I think the main point I was trying to make with my post was; a lot of times it would take less time to just fix things than it would be to ask for permission to do so.


The corrollary of this is that it almost always takes longer to explain to a Project Manager why something isn't done yet/can't be done/shouldn't be done that way (etc) than it would do just to finish it or do it another way or do it properly (as the case may be).


I mostly agree, however I think it is important to highlight that these considerations have a real-world impact.

One of the biggest fallacies out there is that good software engineering is about aesthetics and somehow detached from the resultant product, e.g. 'the user doesn't care about how it's implemented' etc. - this is patently false, as code quality dictates robustness, maintainability and ability to make changes to the code base, both during development and after shipping the thing.


This is something that took me 2 years or so to learn.
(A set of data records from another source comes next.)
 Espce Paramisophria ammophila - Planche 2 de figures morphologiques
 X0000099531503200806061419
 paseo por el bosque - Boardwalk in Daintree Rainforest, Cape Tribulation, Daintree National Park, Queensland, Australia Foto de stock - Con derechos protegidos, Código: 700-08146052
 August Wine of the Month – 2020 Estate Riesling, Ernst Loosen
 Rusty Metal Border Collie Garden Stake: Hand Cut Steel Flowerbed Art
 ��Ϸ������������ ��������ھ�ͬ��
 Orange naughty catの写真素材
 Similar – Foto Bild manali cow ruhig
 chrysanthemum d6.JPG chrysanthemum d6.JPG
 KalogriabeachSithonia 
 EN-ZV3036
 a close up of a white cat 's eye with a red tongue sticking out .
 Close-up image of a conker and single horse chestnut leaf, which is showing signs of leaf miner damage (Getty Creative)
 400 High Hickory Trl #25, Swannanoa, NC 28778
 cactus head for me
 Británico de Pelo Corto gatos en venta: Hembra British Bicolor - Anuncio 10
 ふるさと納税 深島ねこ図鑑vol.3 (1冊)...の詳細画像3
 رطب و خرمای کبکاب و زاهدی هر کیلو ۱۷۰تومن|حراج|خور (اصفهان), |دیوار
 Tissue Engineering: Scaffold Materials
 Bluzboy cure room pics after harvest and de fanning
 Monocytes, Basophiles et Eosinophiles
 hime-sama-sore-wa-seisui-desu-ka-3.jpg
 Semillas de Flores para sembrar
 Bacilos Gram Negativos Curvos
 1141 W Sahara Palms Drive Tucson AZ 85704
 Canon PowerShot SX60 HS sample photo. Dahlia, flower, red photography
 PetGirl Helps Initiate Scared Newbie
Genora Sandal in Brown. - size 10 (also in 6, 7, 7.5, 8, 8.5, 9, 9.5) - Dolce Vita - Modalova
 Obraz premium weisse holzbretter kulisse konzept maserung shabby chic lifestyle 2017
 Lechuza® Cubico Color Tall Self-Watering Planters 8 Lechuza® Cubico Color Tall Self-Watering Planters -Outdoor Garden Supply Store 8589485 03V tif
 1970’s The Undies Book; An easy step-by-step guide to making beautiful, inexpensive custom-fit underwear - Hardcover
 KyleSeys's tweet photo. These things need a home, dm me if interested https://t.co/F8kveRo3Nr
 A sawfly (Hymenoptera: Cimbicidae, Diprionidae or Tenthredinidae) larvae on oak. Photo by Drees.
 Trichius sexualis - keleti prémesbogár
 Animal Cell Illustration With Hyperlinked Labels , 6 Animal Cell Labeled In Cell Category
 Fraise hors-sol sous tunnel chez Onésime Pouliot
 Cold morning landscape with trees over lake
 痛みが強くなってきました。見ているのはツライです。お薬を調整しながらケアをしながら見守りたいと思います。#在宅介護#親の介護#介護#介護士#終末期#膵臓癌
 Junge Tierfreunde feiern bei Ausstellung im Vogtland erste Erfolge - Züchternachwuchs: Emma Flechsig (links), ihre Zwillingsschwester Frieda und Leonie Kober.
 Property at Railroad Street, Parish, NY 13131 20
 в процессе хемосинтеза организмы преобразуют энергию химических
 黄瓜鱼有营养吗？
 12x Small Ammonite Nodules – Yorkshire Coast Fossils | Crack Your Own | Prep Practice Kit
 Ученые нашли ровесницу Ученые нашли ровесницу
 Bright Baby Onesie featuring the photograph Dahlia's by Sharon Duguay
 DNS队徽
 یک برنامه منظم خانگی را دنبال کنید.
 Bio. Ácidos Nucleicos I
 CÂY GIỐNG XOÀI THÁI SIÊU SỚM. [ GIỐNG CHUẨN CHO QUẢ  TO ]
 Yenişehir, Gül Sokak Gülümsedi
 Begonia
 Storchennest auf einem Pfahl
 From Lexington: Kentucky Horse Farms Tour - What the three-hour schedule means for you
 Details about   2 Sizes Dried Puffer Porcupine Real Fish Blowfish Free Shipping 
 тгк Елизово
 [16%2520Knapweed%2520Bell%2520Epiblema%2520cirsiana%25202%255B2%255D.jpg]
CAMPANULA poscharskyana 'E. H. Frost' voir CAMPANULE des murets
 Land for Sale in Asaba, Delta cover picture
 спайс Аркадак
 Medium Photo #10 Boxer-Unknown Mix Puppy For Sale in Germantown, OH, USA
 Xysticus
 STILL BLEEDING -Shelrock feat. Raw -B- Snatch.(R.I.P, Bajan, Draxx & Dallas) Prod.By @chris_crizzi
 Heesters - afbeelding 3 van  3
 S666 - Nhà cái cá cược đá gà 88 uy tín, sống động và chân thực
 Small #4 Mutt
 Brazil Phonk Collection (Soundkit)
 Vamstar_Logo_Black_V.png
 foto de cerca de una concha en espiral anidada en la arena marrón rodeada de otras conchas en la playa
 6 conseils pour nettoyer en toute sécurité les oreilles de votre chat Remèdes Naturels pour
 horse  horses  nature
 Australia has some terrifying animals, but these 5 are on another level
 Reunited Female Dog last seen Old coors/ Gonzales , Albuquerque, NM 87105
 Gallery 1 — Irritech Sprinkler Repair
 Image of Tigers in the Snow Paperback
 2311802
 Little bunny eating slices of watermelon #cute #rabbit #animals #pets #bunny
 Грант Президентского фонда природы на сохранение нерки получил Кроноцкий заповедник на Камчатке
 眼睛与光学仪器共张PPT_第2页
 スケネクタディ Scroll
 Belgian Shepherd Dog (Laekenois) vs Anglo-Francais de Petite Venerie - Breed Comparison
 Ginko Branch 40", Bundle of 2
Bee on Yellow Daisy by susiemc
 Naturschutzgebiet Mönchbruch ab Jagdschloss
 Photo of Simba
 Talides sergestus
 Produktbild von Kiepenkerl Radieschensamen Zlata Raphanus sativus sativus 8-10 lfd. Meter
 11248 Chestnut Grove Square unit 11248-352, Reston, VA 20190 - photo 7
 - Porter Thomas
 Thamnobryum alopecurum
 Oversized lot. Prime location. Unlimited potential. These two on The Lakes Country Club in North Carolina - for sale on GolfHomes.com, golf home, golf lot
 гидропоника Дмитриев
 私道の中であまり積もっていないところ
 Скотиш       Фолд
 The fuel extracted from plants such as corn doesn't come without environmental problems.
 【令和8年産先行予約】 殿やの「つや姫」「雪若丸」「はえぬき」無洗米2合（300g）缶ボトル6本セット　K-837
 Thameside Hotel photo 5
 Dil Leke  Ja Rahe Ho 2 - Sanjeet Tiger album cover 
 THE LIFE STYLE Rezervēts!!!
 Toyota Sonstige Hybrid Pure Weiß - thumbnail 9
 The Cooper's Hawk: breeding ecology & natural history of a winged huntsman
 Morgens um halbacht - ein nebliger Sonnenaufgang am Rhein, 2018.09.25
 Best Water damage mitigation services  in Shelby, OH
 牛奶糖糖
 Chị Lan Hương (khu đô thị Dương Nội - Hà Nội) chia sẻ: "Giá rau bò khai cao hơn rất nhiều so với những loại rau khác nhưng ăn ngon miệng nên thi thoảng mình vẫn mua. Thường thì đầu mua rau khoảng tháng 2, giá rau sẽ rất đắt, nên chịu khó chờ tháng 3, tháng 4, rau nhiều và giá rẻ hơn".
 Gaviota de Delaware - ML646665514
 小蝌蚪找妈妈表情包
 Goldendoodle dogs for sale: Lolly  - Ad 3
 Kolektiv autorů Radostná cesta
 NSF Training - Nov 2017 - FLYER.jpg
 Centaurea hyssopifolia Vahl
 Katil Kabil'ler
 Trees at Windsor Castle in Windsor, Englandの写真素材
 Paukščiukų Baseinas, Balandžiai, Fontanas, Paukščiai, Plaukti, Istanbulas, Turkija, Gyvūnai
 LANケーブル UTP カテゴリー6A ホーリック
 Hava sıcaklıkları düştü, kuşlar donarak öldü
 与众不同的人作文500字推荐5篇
One day I realised nobody was really looking at my timecards in depth so I started allocating extra time to things and using the extra time to fix the things I thought needed fixing. Once I started delivering on this I showed my manager who agreed that it was a good use of time. I was given free reign to fix anything I felt would add maximum value, provided the bug fixes continued to be delivered without any major compromise.

Since that time I have refactored quite a few of our codebases; added unit tests, fixed some build processes, improved performance and generally feel happier at work for getting things done that are important to me.

Dont get stuck in constant bug fix mode would be my suggestion. If you cant get approval to fix things then change jobs because bug fix after bug fix is depressing and will bring you down.


Yep - I learned it in my first job after college. We had a hacked-together app that was 99% complete. It then remained 99% complete for the next 2 years as we fixed bug after bug after new-bug-that-was-introduced-by-the-last-bugfix.

The codebase was unstable from the very beginning. It did eventually ship when we had added enough duct tape, but it never turned into a solid app.

Towards the end of year 1 I already knew that most of this simply needed to be re-written and done differently, but I was overruled by more senior folks who were responsible for this mess. It was always "we can't do this now, because we need to ship as fast as possible".


This is awesome.


That's what the up arrow is for.


Sure, but considering this is the author of the article we're commenting on, I think an exception is reasonable here. I'm interested in which comments the author's aligned with. It's a discussion, after all.. one that this person started. I'm not saying vote up.. but we could lay off the down arrow.


Fair enough. I admit I hadn't noticed it was the original author making the comment.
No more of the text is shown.